Was zum heiklen Thema der laut Lissabon nötigen Zustimmung des Parlaments zu internationalen Verträgen der EU hinzukommt, ist unter anderem die Mitbestimmung der Abgeordneten in den großen Bereichen Justiz- und Polizeizusammenarbeit sowie Landwirtschaft neu. "Sowohl die Befürworter als auch die Gegner haben die Auswirkungen des Lissabonner Vertrags unterschätzt", sagt SPÖ-Delegationsleiter Jörg Leichtfried. Der "rasante Zuwachs an Befugnissen für das Parlament" führe zu einer "Verschiebung des interinstitutionellen Machtgefüges und einer unheimlichen Mehrarbeit".
Kritik an Abgeordneten
Manche Diplomaten haben freilich nicht nur Lob für ihre neuen Verhandlungspartner. Das Einzige, was die Abgeordneten eine, sei ihr Bedürfnis mitzureden, meinte einer. Die Expertise des Parlaments in den neuen Aufgabenbereichen - vor allem bei internationalen Verträgen - sei nicht mit dem Kompetenzgewinn mitgewachsen, monierte ein anderer.

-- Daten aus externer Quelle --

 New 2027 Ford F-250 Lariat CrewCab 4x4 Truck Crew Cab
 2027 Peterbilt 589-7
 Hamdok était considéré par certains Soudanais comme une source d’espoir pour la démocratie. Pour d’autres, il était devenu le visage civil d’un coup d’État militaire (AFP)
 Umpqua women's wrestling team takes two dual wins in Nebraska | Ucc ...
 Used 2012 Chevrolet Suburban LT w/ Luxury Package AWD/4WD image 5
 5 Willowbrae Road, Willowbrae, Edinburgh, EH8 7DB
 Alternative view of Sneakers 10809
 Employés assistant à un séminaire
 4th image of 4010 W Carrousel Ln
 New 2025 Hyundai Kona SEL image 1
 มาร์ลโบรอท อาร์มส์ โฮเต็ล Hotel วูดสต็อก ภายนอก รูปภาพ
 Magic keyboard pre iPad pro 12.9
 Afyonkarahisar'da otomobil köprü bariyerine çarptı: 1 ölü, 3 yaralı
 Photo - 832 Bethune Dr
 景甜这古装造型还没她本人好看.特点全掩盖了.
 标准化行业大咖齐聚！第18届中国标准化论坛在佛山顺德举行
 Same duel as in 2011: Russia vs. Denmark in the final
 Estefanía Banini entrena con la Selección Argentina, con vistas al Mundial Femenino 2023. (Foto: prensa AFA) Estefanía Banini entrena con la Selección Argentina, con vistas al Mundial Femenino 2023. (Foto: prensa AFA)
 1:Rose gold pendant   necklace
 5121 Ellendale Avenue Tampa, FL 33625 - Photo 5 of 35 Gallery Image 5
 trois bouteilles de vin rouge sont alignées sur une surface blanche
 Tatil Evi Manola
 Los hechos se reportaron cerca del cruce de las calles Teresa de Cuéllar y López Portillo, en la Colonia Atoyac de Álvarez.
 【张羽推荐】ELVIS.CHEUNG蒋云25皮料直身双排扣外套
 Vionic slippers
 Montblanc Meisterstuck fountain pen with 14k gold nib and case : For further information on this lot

Diese Kritik will Leichtfried nicht akzeptieren: "Das klingt für mich nach einem Versuch, als wichtiger zu gelten, als man ist", sagt er. "Für Ministerialbürokratien ist es eben neu, dass ein Parlament derart massiv mitredet und Widerstand leistet."
Ähnlich sieht das Othmar Karas, ÖVP-Europaabgeordneter und Vizepräsident der Europäischen Volkspartei: Die gestiegenen Kompetenzen des Parlaments seien ein Ausdruck einer stärkeren Einbindung der Bürger, erklärt er. "Mit Schuldzuweisungen und Mobbing lösen wir keine Probleme und schaffen kein neues Vertrauen", erklärte er. "Die Kleinkariertheit muss auch in den Mitgliedstaaten überwunden werden, sonst haben die die Zeichen der Zeit nicht erkannt."
Schwieriger ist es übrigens auch für Kommissionspräsident Jose Manuel Barroso geworden. Er hat mit dem EU-Ratspräsidenten Herman Van Rompuy ein Gegengewicht auf dem Brüsseler Parkett erhalten. Trotz spärlicher öffentlicher Auftritte kommt der Belgier als schlauer Strippenzieher daher und hat häufig die bessere Presse. Jetzt feilen Barrosos Strategen angeblich am Aufbau einer neuen PR-Maschinerie für ihren Chef. Lückenlose fotografische und filmische Dokumentation seines Wirkens durch kommissionseigene "Journalisten", mehr Redenschreiber und ein EU-Redaktionsteam für schnelle Interventionen in Online-Medien sollen das Bild wieder gerade rücken.